Work order:
No pictures belong in the copy. Retype exactly, and only, the stretch of lines below from the one with "Artikel Nr. 927462: Kleines" through the one with "buycycle: Bikes & Sports Gear screenshot 6".

Available data:
++++

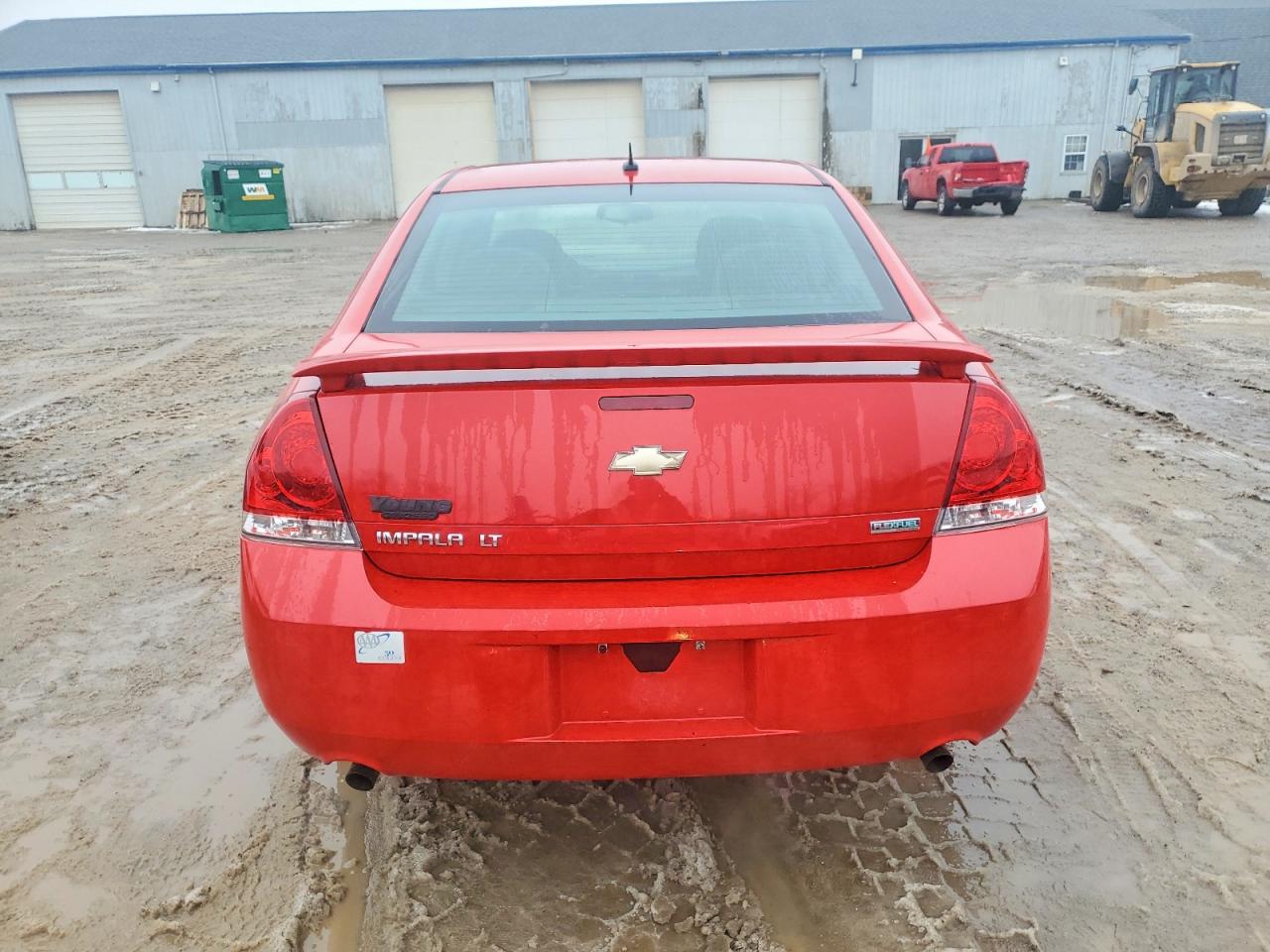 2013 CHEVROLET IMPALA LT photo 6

++++

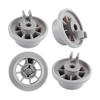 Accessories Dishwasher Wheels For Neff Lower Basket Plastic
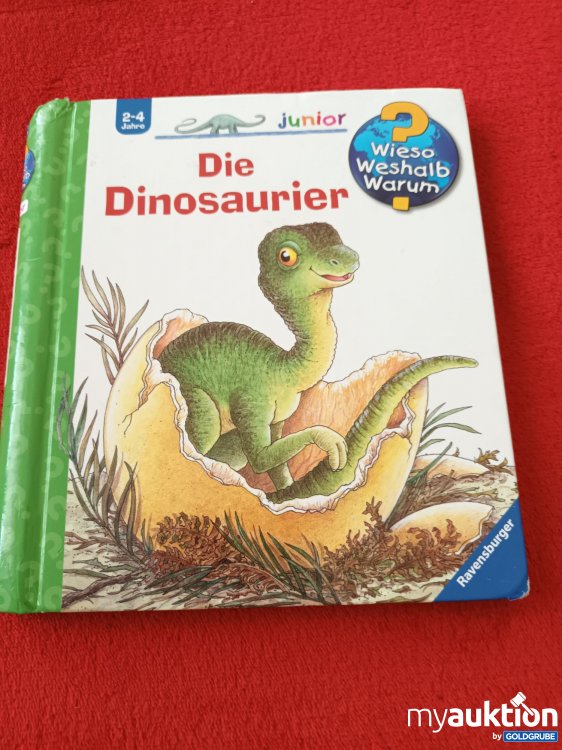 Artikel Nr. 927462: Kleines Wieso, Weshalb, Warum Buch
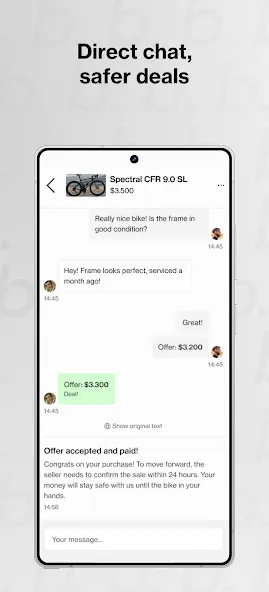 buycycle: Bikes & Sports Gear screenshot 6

++++

Response area:
 Artikel Nr. 927462: Kleines Wieso, Weshalb, Warum Buch
 buycycle: Bikes & Sports Gear screenshot 6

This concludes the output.